Method and System for Multiple I/O Regions
Abstract
Methods and/or associated devices and/or systems for creating integrated circuits (IC's) that have multiple connected I/O regions that can be designed and implemented using commonly available standard I/O libraries in conjunction with standard IC design flows and tools and in combination with one or more novel standardized I/O region interconnect cells for interconnecting between or through otherwise separated I/O regions. Specific embodiments support a wide variety of IC's that can be developed using standard libraries and design flows including: application specific integrated circuits (ASIC's), programmable logic devices (PLDs), custom IC's, analog IC's, CPU's, GPU's, and other IC's that require large numbers of input/ouput (IO) circuits while having relatively small core circuitry areas. Specific embodiments may involve innovative I/O cell functions, innovative IC topologies, and innovative IC packaging solutions for single die packages and multiple die packages.
Claims
exact text as granted — not AI-modified1 . A method for creating an integrated circuit (IC) design that includes multiple I/O regions said I/O regions comprising at least one outer I/O region and one inner I/O region, comprising:
providing a plurality of interconnect cells, said interconnect cells providing at least one lateral signal path for laterally connecting signals in an I/O region, said interconnect cells also providing at least one interconnect signal path for connecting signals between or through I/O regions; providing a set of I/O cells; placing I/O cells into at least one outer I/O region and one inner I/O region; and placing at least one interconnect cell in at least one inner I/O region.
2 . The method of claim 1 further comprising:
providing one or more software design tools for placing said I/O cells and said interconnect cells.
3 . The method of claim 1 further comprising:
the set of I/O cells being of a type that includes filler cells with lateral connections between abutting I/O cells; and
providing one or more interconnect cells that have a width of a filler cell of the set of I/O cells.
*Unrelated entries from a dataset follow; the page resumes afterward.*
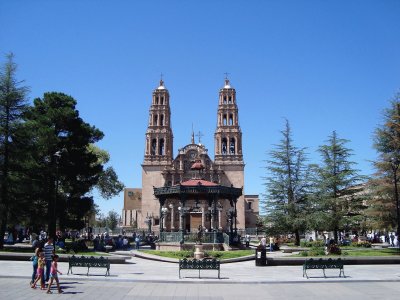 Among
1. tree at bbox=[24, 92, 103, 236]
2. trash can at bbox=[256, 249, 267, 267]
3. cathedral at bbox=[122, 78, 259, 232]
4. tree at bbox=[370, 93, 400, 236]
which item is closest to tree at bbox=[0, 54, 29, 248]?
tree at bbox=[24, 92, 103, 236]

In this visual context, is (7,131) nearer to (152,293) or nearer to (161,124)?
(152,293)

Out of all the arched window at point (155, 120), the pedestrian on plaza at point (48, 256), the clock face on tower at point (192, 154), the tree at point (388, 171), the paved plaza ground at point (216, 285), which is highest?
the arched window at point (155, 120)

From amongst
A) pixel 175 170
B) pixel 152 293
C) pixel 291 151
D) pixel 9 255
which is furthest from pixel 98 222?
pixel 152 293

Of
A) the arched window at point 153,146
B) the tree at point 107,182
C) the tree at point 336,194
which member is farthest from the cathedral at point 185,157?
the tree at point 336,194

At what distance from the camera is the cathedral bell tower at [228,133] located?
67000 mm

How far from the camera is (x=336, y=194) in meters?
37.0

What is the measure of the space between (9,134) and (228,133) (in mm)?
43015

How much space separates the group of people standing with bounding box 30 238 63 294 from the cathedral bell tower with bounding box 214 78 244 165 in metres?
53.5

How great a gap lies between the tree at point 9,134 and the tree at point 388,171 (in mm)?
25148

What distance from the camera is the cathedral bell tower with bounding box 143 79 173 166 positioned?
67.1 metres

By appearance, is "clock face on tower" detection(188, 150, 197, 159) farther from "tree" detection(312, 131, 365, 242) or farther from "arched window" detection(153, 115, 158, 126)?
"tree" detection(312, 131, 365, 242)

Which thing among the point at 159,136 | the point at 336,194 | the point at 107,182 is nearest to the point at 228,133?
the point at 159,136

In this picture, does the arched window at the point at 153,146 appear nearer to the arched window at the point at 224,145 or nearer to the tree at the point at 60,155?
the arched window at the point at 224,145

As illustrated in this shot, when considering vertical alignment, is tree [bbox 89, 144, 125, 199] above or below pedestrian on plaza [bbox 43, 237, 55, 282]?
above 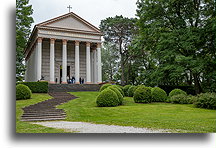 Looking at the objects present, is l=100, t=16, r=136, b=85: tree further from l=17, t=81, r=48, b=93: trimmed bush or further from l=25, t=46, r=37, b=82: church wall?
l=25, t=46, r=37, b=82: church wall

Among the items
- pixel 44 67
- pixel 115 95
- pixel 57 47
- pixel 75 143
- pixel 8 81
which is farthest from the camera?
pixel 57 47

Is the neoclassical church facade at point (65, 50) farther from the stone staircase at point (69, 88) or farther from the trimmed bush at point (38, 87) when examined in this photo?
the trimmed bush at point (38, 87)

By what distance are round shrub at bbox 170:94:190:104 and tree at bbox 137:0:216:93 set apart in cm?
165

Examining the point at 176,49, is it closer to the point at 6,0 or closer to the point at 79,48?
the point at 6,0

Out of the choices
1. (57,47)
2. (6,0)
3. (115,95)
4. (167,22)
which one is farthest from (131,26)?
(6,0)

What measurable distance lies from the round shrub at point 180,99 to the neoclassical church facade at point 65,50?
50.1ft

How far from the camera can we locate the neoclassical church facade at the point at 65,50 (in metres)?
27.4

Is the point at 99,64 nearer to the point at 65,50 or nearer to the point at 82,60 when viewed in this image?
the point at 82,60

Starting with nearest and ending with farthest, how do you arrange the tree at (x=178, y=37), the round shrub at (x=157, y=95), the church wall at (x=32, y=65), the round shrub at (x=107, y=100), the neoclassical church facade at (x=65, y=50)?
the round shrub at (x=107, y=100), the tree at (x=178, y=37), the round shrub at (x=157, y=95), the church wall at (x=32, y=65), the neoclassical church facade at (x=65, y=50)

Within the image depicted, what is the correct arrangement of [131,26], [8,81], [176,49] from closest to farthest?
[8,81] < [176,49] < [131,26]

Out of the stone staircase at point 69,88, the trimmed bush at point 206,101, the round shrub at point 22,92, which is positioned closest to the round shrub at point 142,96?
the trimmed bush at point 206,101

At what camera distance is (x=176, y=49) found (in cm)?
1727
4 . The method of claim 3 further comprising:
providing one or more interconnect cells of an “L” or “T” shape and that have a vertical width of a filler cell of the set of I/O cells.
5 . The method of claim 1 further comprising:
the set of I/O cells being of a type that includes filler cells with lateral connections between abutting I/O cells; and
providing one or more interconnect cells, the interconnect cells comprising:
at least one flow-through filler portion having a width roughly equal to the width of a filler cell and containing lateral and transverse connections;
at least one inter-region portion that lies between outer I/O region cells and inner I/O region cells and that routes signals from the edge of an inner I/O region around to transverse connections in a flow-through filler portion.
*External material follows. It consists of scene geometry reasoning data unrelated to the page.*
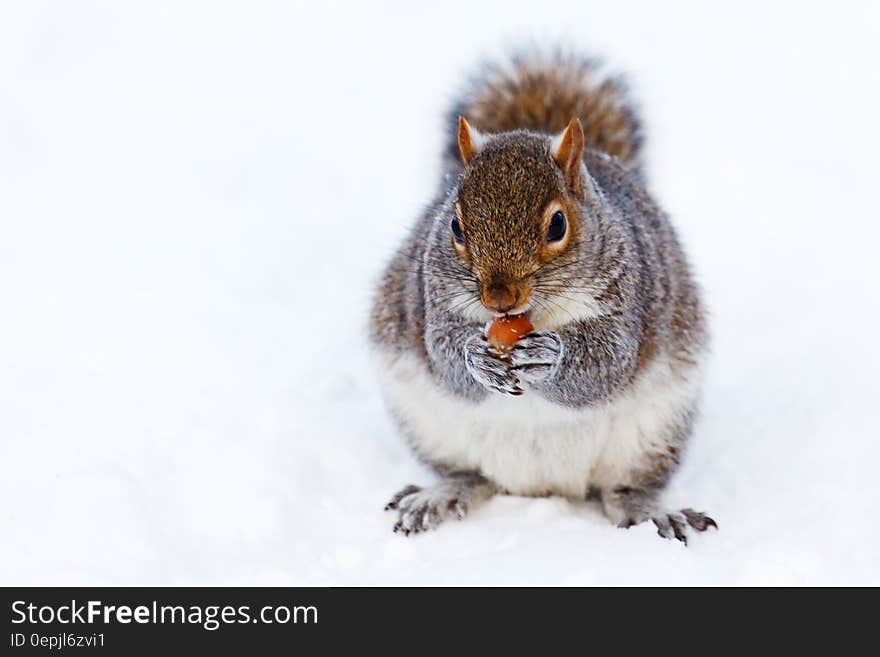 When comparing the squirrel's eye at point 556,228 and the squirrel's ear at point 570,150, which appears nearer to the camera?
the squirrel's eye at point 556,228

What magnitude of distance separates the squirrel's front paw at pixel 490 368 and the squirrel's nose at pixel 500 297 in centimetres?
26

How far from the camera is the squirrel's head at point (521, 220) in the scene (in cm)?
Answer: 288

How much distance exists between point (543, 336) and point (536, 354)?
2.0 inches

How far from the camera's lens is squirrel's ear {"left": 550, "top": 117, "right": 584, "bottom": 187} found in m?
3.14

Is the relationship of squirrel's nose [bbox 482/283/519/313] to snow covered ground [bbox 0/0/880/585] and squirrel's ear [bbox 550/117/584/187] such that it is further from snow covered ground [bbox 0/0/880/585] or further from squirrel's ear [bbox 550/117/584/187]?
snow covered ground [bbox 0/0/880/585]

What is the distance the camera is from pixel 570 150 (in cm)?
315

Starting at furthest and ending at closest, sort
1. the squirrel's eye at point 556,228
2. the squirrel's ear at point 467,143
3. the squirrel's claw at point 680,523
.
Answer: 1. the squirrel's claw at point 680,523
2. the squirrel's ear at point 467,143
3. the squirrel's eye at point 556,228

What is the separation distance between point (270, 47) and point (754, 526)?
189 inches

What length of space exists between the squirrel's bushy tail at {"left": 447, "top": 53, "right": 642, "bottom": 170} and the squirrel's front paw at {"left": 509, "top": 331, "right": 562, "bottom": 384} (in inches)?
A: 54.5

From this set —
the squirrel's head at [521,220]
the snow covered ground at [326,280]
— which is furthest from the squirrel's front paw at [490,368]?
the snow covered ground at [326,280]

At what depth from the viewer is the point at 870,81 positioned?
6.46m

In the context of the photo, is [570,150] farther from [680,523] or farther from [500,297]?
[680,523]

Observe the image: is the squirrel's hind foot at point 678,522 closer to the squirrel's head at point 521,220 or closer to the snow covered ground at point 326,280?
the snow covered ground at point 326,280

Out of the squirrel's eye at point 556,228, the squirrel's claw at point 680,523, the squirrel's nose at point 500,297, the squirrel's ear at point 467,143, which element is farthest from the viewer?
the squirrel's claw at point 680,523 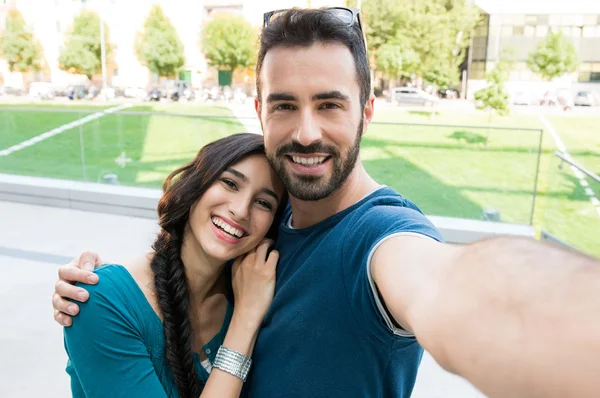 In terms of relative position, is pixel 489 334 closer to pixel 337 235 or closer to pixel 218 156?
pixel 337 235

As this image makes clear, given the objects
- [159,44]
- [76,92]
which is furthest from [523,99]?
[76,92]

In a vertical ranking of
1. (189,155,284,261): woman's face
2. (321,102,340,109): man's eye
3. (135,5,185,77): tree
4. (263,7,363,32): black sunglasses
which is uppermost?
(135,5,185,77): tree

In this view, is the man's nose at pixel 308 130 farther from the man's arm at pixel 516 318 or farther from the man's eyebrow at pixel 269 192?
the man's arm at pixel 516 318

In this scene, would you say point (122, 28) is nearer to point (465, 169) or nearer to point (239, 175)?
point (465, 169)

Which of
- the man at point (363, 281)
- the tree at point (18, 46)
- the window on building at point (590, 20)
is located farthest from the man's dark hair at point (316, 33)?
the tree at point (18, 46)

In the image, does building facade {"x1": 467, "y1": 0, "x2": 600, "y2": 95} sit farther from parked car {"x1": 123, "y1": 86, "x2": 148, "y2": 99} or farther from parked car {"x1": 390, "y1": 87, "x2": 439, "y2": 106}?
parked car {"x1": 123, "y1": 86, "x2": 148, "y2": 99}

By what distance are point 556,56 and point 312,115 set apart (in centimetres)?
3462

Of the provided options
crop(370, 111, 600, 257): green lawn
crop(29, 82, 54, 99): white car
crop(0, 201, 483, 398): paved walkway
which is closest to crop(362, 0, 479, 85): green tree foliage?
crop(29, 82, 54, 99): white car

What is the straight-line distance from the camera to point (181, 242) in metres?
1.76

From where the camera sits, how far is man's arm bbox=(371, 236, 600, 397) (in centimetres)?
47

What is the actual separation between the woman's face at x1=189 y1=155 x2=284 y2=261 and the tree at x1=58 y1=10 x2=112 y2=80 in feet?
145

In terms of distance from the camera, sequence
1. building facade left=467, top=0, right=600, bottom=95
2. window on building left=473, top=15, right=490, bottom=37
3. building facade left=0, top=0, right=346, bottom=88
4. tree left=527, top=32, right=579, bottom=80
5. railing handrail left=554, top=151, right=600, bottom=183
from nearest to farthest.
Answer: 1. railing handrail left=554, top=151, right=600, bottom=183
2. tree left=527, top=32, right=579, bottom=80
3. building facade left=467, top=0, right=600, bottom=95
4. window on building left=473, top=15, right=490, bottom=37
5. building facade left=0, top=0, right=346, bottom=88

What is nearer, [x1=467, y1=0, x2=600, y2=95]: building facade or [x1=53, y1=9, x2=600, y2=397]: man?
[x1=53, y1=9, x2=600, y2=397]: man

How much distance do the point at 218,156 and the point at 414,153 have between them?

6 . The method of claim 5 further wherein:
flow-through filler portions and inter-region portions can be separately placed cells and can also be grouped into “L” or “T” cells of various capacities.
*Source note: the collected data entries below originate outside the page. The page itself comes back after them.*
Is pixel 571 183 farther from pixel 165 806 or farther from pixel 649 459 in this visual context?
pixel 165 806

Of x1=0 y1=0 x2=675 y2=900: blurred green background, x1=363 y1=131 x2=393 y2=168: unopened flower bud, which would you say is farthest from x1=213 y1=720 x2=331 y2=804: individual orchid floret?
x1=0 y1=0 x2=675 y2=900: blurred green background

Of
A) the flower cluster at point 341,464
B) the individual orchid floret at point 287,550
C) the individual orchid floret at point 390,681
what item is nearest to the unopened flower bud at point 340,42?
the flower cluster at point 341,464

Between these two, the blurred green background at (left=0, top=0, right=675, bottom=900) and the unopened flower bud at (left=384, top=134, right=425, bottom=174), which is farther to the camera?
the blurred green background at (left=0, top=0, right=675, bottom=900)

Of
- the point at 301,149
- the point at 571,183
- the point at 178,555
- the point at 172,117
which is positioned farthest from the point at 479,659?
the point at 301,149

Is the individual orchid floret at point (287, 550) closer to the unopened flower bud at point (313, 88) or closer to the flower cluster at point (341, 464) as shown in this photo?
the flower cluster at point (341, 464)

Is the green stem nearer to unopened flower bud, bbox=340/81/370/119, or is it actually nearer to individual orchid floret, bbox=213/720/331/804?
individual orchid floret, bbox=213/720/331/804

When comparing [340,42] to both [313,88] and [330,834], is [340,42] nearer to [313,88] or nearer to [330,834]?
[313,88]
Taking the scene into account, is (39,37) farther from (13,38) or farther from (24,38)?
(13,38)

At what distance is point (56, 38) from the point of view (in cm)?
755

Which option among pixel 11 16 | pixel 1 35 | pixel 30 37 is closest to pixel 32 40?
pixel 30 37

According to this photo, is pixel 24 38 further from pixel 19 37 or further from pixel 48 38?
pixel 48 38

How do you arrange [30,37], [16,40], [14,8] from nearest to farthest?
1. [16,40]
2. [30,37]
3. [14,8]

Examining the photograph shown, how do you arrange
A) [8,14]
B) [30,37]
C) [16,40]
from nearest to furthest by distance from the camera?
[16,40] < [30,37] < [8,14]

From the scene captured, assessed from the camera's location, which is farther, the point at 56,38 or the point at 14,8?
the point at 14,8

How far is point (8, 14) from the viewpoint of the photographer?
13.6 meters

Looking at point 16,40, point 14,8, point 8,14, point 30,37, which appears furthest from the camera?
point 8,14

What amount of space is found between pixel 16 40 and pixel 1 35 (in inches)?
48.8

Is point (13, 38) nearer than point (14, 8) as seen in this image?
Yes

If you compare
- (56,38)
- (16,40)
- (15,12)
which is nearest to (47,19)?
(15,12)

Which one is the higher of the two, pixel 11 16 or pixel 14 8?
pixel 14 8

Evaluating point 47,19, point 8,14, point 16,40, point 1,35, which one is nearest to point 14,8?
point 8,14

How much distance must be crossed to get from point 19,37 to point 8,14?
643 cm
7 . The method of claim 1 further comprising:
providing one or more interconnect cells, the interconnect cells large enough to contain I/O cells and also comprising:
at least one flow-through filler portion containing lateral and transverse connections;
at least one inter-region portion that lies between an outer I/O region and an inner I/O region and that routes signals from the edge of an inner I/O region around to transverse connections in a flow-through filler portion.
8 . The method of claim 1 further comprising:
placing an inner I/O cell inside an interconnect cell.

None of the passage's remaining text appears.